If Essenians were anything like what I've read, they are in fact mentioned in the Canonic Gospels. Simon, before becoming a disciple of Our Lord, was a zealot. And crowds more than once tried to make Him King. When at last they did, they abandoned Him within a week. Possibly because he did not answer up to the Essenian expectations of a military and political Messiah, chasing the Romans and establishing peace.

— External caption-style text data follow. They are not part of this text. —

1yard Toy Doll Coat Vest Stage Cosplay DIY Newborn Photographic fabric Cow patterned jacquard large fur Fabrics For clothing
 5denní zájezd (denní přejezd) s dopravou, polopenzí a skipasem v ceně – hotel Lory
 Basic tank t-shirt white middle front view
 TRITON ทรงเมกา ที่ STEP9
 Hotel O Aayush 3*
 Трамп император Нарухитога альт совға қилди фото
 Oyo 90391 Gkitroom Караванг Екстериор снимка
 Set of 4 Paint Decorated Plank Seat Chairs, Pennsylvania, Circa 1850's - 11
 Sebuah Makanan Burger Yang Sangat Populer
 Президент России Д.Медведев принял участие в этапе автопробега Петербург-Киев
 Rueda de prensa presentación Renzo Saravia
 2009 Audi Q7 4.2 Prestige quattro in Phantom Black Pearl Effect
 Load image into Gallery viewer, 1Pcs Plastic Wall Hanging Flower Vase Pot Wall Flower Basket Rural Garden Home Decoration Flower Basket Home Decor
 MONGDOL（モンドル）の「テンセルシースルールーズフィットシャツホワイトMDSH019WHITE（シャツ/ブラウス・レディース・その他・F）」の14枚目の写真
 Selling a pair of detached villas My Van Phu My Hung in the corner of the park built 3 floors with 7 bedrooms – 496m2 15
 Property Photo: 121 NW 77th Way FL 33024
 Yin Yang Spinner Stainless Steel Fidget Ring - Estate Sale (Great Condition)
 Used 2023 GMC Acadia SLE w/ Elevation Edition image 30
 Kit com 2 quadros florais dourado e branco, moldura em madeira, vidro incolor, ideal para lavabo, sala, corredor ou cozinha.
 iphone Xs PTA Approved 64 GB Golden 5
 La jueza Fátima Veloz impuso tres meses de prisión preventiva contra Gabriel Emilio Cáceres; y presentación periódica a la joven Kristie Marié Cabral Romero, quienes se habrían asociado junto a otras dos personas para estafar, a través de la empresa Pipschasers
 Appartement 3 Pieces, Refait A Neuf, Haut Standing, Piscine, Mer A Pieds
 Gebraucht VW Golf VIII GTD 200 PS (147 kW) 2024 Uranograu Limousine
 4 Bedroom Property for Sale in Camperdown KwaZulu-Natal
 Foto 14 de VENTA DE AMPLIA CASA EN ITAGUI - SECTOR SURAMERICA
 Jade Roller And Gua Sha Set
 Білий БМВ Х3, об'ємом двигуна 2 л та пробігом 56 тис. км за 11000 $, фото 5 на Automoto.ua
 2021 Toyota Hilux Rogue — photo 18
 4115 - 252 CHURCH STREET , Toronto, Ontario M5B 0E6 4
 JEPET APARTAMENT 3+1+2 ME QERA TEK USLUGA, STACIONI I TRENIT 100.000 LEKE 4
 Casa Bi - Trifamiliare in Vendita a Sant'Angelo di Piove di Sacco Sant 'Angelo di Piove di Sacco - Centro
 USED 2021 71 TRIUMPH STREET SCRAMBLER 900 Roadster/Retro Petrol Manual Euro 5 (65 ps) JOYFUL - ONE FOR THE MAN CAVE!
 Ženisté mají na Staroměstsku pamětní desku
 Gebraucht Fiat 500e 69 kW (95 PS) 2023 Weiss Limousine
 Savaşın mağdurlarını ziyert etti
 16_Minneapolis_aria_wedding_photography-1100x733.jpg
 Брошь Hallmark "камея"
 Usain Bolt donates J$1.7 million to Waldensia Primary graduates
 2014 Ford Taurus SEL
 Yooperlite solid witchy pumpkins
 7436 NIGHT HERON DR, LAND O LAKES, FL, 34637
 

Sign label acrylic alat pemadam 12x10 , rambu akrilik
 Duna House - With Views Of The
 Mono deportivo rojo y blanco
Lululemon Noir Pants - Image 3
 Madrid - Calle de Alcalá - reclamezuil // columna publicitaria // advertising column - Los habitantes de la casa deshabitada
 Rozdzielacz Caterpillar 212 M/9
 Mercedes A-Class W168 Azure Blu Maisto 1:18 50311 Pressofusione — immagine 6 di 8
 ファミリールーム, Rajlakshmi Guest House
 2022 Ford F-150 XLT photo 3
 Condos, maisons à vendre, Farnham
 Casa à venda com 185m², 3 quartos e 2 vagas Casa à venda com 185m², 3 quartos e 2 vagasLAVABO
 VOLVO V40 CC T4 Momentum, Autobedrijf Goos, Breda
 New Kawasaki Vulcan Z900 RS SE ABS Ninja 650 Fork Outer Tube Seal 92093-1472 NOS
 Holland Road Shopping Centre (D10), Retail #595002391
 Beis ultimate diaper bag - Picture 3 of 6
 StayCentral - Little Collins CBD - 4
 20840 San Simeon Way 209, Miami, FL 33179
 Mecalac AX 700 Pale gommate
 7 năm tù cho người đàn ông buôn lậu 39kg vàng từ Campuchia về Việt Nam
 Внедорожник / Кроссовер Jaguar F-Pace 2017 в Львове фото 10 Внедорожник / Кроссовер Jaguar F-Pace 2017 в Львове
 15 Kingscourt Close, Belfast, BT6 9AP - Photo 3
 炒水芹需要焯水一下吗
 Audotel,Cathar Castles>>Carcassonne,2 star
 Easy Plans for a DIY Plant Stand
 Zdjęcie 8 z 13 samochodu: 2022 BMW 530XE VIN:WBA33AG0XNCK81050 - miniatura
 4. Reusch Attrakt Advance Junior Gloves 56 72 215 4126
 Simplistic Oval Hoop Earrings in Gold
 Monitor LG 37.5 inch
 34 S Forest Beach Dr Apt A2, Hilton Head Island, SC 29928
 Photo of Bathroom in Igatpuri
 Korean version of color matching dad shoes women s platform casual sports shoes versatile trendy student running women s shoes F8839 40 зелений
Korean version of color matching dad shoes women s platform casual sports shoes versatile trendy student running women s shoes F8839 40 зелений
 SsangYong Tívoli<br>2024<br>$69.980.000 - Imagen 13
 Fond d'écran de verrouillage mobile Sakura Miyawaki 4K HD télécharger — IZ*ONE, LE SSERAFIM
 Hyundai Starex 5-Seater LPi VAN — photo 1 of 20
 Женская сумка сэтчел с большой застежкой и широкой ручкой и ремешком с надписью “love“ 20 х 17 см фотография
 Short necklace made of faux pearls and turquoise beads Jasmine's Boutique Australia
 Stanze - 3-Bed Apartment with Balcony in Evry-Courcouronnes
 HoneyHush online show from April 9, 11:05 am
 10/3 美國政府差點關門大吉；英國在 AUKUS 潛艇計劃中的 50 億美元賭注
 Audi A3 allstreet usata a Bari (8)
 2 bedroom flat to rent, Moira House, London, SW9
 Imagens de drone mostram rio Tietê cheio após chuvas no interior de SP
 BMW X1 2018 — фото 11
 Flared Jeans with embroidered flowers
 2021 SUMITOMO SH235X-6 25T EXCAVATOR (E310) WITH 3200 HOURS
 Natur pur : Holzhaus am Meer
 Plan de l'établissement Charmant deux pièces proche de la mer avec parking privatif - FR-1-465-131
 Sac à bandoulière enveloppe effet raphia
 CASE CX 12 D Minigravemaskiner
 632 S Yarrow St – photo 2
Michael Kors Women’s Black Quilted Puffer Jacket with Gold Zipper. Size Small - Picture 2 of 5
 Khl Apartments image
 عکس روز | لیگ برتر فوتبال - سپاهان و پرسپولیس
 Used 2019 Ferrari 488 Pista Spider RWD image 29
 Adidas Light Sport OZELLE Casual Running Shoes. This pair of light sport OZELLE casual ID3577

Did God give any peoples of the time such "Messiahs"? Two barbarian Kings died on the Parascheve, they died and the Sun went black for three hours.* So they died when our Lord was crucified, as long before His death as the robbers crucified alongside Him died after it. "Confregit in die irae suae reges" One was Conor Mac Nessa, whose grandson Cuchulainn delivered Ulster from the Leinster invaders. The other was Froda of Denmark, in whose reign a little girl could walk from one end of the land (which land? Jutland? Scania? one of the islands?) to the other loaded with golden rings and yet go unmolested. That is what God gave idolaters, but He gave His own nation something infinitely higher: and they rejected Him. On my nation's day, I must confess that military deliverers are not always a boon to a nation. Gustavus Wasa became a Church plunderer, paroding the cleansing of the temple blasphemously. And yet Our Lord too was a fighter. Ascension Day - celebrated yesterday - was the public triumph, before the eleven and before all angels.
May 24th/6 June
St Symeon Stylite
and St Vincent of Lerins
Y o Gr 2008
*the wikipedia articles to which I link from their names suggest I misremembered here: Froda seems to have died before Good Friday and Conor Mac Nessa afterwards, when hearing about it: unless I remember correctly this time, i e he asked his druid why the sun went black, and Cathbad answered that the Jews were killing their King, which upset Conor, who was as royalist as he was royal, and too old not to die from the shock.